Love and Fear (part I)

I am in awe of life right now.

What we tend to think as seemingly random events is quite the opposite.  All of those clichés come to mind: “everything happens for a reason,” “there is a plan,” and “have faith,” among so many others.  You hear them all of your life and shrug them off like the religious dogma you’re so used to hearing.  What we don’t realize is the subtle shift within ourselves and our environment that happens while we’re not paying attention even though we absolutely think we are.

For those of you who don’t believe in channeling, psychic connections, empathic intuition, or anything as esoteric or emotional as what I tend to write about, you may want to stop reading now.  But if you have a small voice inside of you full of curiosity despite what you logically “think” you know to be true, keep reading and open your mind to the possibility.

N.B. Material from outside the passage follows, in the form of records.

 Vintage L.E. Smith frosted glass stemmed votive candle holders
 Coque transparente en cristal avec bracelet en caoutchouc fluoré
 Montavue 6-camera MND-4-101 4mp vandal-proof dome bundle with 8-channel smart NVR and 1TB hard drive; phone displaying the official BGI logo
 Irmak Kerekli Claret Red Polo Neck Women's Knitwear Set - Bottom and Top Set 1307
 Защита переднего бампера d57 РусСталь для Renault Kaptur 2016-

In my previous post you read about my break up and the lessons I thought I learned.  Well, I shouldn’t say thought. I did learn them. What I didn’t realize was I soooo wasn’t done learning.  As a matter of fact I had this exact statement made to me just the other day by a random stranger and I will not shrug off the synchronicity. She told me that unless I plan on dying soon then the lesson is never over.

After my profound experience with Source, my Higher Self, Mother Gaia, and any other spiritual essence that was there with me that night in the public restroom of my office, I was still too nervous to face my home alone.  I knew there was still more work to be done, but my fear continued to hold me back from facing it. I thought to myself I should let this happen gradually. There is no need to rip the Band-Aid off so quickly.  I called my sister and begged her to come home with me.  I didn’t even need to beg she was already on stand-by and high-alert. She knew I needed her and was waiting for my call.

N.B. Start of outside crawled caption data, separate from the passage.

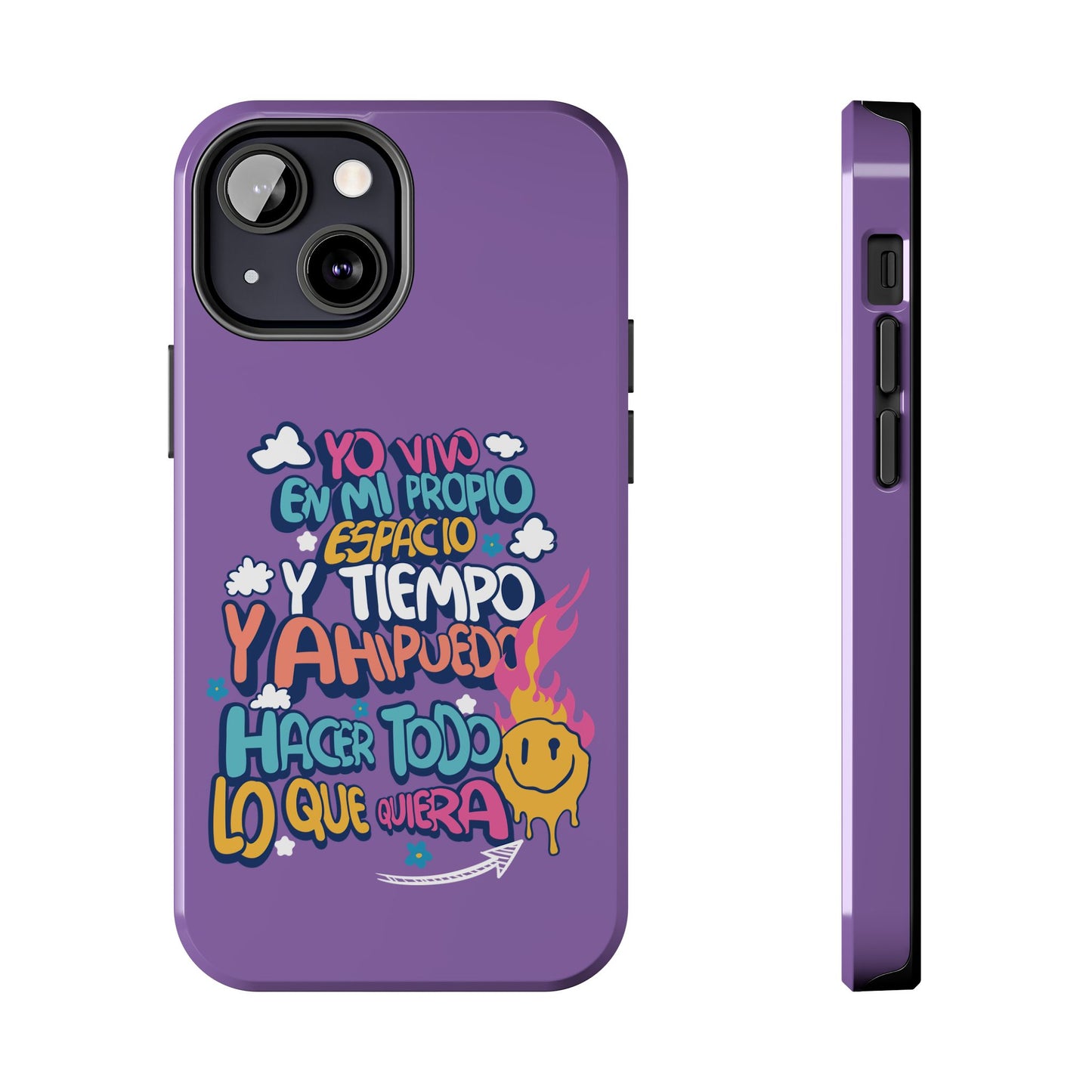 Funda para teléfono "Yo vivo en propio espacio y tiempo" - Lila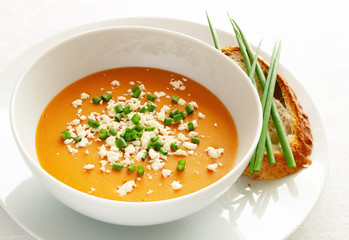 soup puree on chicken broth with lentil, potato,carrot, and onion decorated with bryndza and green onion springs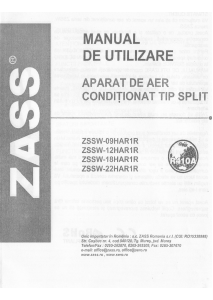 Manual Zass ZSSW-22HAR1R Aer condiționat
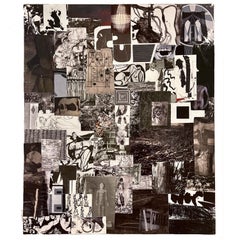 Collage in bianco e nero su tavola con un tocco di rosso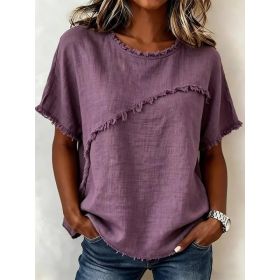 Women's Round-Neck Casual Loose Short-Sleeve Top (Option: Purple-L)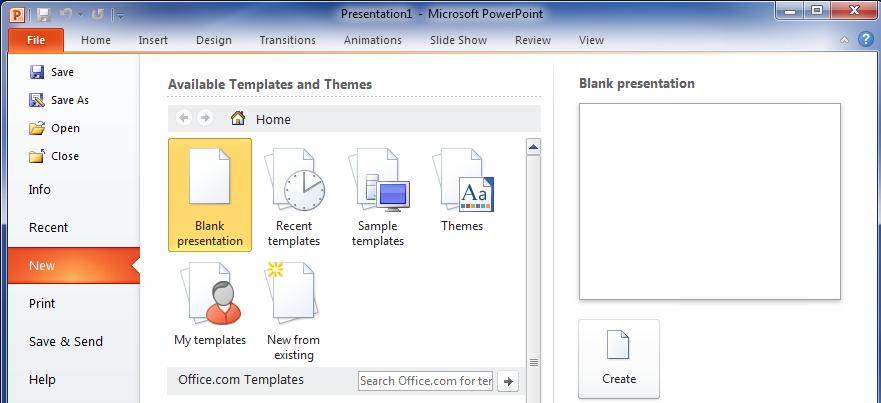File Tab Basic Create a New Presentation Step 1: Click the File tab. This takes you to Backstage view. Step 2: Select New. Step 3: Select Blank presentation under Available Templates and Themes.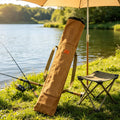 140cm Rod Case Angling Rods Bag, Folding Rod Carry Large Capacity Fishing Rod Case, Angling Rod Bag, Fishing Umbrellas Carry Bag for Camping Hiking - Brown - Size 140cm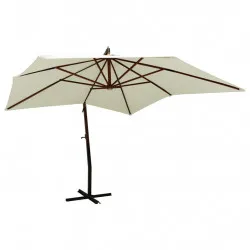 Висящ чадър с дървен стълб, 300 см, пясъчнобял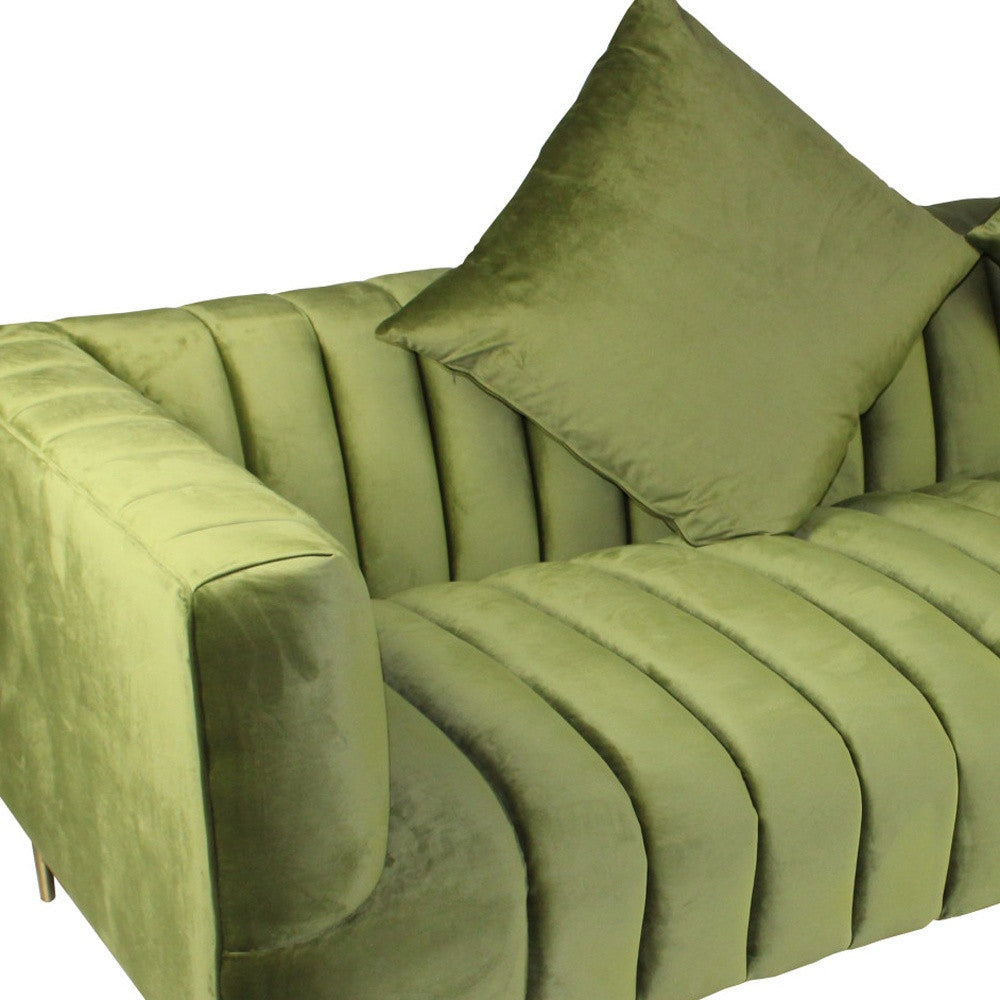 90" Olive Green Velvet Sofa And Toss Pillows With Gold Legs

Over the next few days of her coddling and consoling me we learned more about each other than we ever dreamed of learning. We were already very close due to everything we experienced together over the years.  Lately the both of us have felt this uncomfortable disconnection between us, and in fear of losing each other anymore neither of us spoke up until I finally found this strong need to share with her my experience in the bathroom.  Usually I would hold these experiences to myself or censor them in order to allow my sister to gradually accept my words in fear of her rejection.  I don’t know why I’ve ever feared that from her. She has never rejected me. Never.

I shared with her every little detail that I could remember, every little emotion, every breath, and every little space between each breath. I left nothing out. In my telling I felt this amazing wave of energy and love. At first I thought it was all from her, but it was from all around me too.   This energy lifted us up onto a realm of acceptance and gratitude we have never experienced before and opened the door we didn’t realize had been locked between us.  I found out she finally became self-aware and through me and my shared experiences she found what it was she was actually feeling and that it was her new reality, not a waking-dream.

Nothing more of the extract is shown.